I finally bit the bullet and upgraded our cell phone plan to include data services, which will add a hefty fee to our monthly bill. Like so many other people, we have allowed ourselves to become increasingly dependent on being able to access information – email, Google, Wikipedia, even (God help me) Facebook – no matter where we are. As a friend said in wonderment when I informed her that we had no plans to purchase “smart phones,” “they’ve become part of the cost of being alive in the 21st century.”

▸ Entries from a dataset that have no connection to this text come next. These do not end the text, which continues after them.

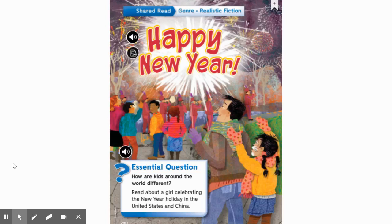Hi, second graders. Miss Shannon here. I'm going to read you the story titled Happy New Year. This story is a realistic fiction story, which means the characters, settings, and events are made up, but they could be real in real life. Our essential question this week is: how are kids around the world different? Today, we will read about a girl celebrating the New Year holiday in the United States and in China.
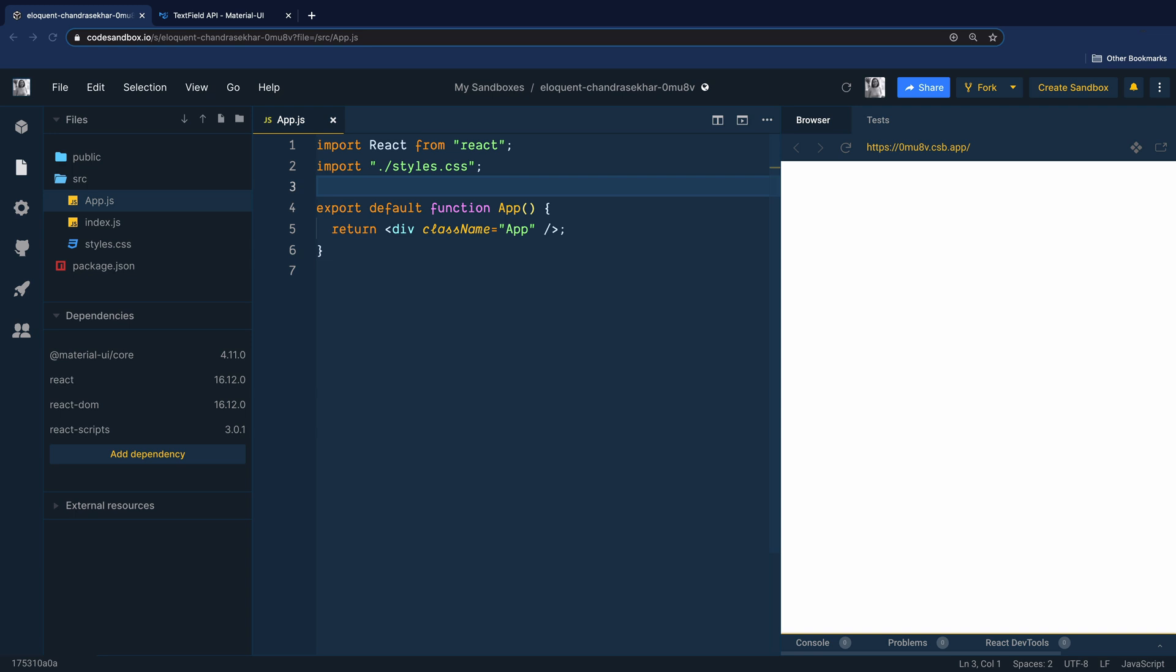We have the code sandbox ready. I bootstrapped a React project and already have the Material UI dependency. I removed the template code that came with it.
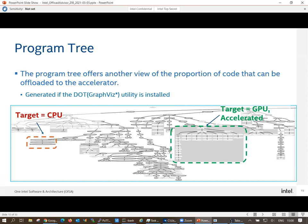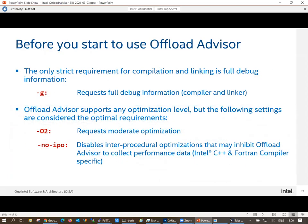There's also a program tree view which comes automatically from the analysis. You can zoom in and see the flow of your program, showing which parts of code should be accelerated and which not, but it requires a certain utility installed on your system — for example, it's not installed on the Dev Cloud. Before you start, what is required: minus G full debug information is always needed, but offload advisor is not an independent tool — everything is integrated in Intel Advisor. It's just for convenience that we talk of the offload advisor and the vectorization advisor separately.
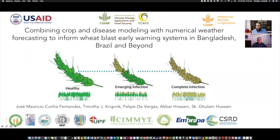Hello and welcome to the webinar on combining crop and disease modeling with numerical weather forecasting to inform wheat blast early warning systems in Bangladesh, Brazil and beyond. I'm Timothy Krupnik and I'm presenting with my colleague Mauricio Fernandez in Brazil. I am presenting from Bangladesh, and we're very pleased to give you this presentation, put together with support from the CGIAR Platform for Big Data in Agriculture.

So I am finally a 21st century guy, although I am committed to not being one of those people who fidget with their phones every free moment. At least I will not once the novelty wears off. Currently I am not fidgeting with the phone; I am trying to figure out how to work it.
Fortunately the phones themselves were dirt cheap. They are a model called the Droid “Eris” which is something like an iphone for folks on a tight budget. They cost me forty bucks apiece after rebate. And therein lies the rub.
Why do companies insist upon giving us rebate forms instead of just taking (in this case) two hundred bucks off the bill? To save money, of course. They count on a certain portion of customers never getting around to sending in the rebate form. And they also count on an even greater number of consumers making a mistake in requesting their rebate and therefore not qualifying.
For example, when I bought the phones I was told that they were returnable only if they were returned in the original box. Fair enough. Then I was told that to request the rebate I had to cut off the portion of the box containing all the bar codes and magic numbers. I had to press the young woman a bit before she admitted that the phones could still be returned in a mutilated box.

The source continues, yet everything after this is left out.